▶ [Information shown]
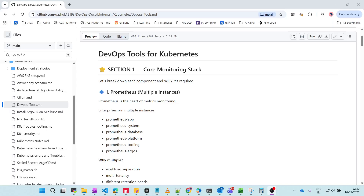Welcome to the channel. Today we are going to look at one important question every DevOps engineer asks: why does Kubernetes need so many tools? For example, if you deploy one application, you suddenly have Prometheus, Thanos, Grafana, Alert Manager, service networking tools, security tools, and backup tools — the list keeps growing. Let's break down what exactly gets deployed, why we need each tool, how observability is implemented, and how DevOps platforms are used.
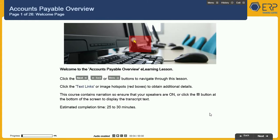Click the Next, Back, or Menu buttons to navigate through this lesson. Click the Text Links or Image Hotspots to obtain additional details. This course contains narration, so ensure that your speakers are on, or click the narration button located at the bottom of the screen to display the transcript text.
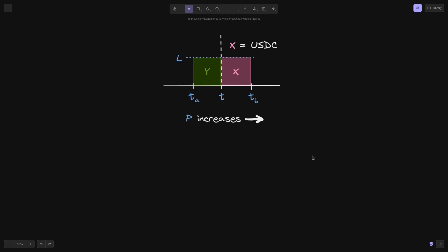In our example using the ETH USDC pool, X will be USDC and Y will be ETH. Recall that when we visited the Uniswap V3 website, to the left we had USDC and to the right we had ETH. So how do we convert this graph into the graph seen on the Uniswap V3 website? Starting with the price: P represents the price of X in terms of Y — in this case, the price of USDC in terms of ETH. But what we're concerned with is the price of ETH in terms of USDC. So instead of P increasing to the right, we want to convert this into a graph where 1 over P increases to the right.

--

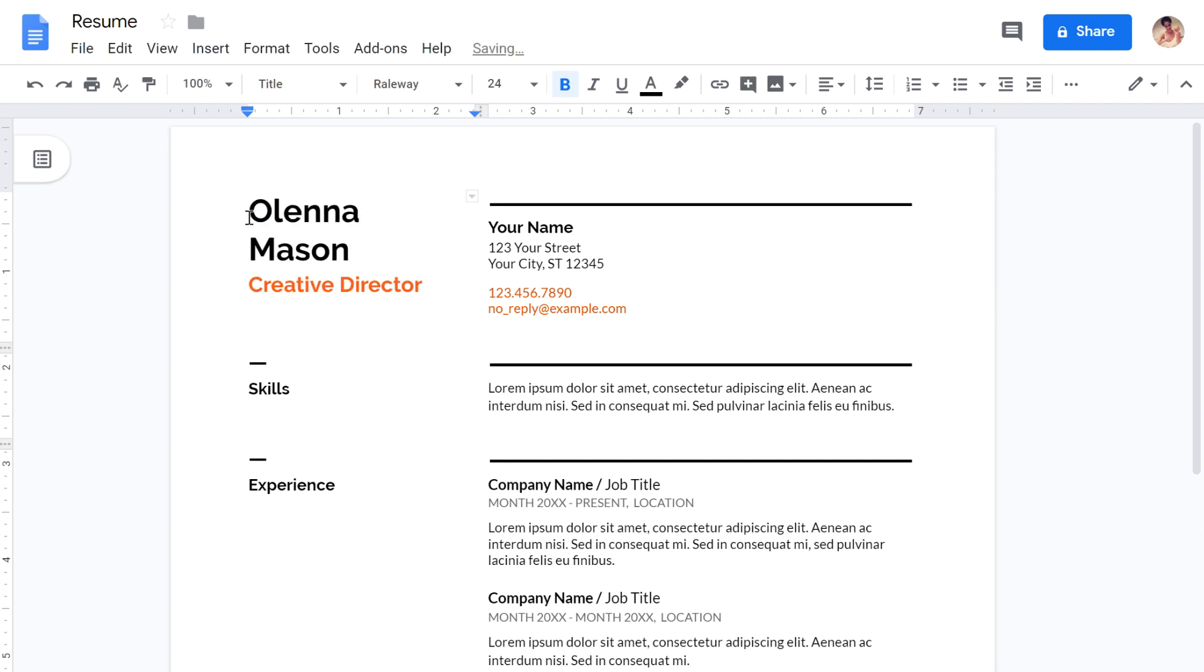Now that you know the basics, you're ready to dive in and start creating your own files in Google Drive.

▶ [Task item] Once the line with "Welcome to the" has been found above, output that line and every later line exactly, stopping after the line with "In our example", and omit the pictures.

▶ [Output of the task]
Welcome to the channel. Today we are going to look at one important question every DevOps engineer asks: why does Kubernetes need so many tools? For example, if you deploy one application, you suddenly have Prometheus, Thanos, Grafana, Alert Manager, service networking tools, security tools, and backup tools — the list keeps growing. Let's break down what exactly gets deployed, why we need each tool, how observability is implemented, and how DevOps platforms are used.
Click the Next, Back, or Menu buttons to navigate through this lesson. Click the Text Links or Image Hotspots to obtain additional details. This course contains narration, so ensure that your speakers are on, or click the narration button located at the bottom of the screen to display the transcript text.
In our example using the ETH USDC pool, X will be USDC and Y will be ETH. Recall that when we visited the Uniswap V3 website, to the left we had USDC and to the right we had ETH. So how do we convert this graph into the graph seen on the Uniswap V3 website? Starting with the price: P represents the price of X in terms of Y — in this case, the price of USDC in terms of ETH. But what we're concerned with is the price of ETH in terms of USDC. So instead of P increasing to the right, we want to convert this into a graph where 1 over P increases to the right.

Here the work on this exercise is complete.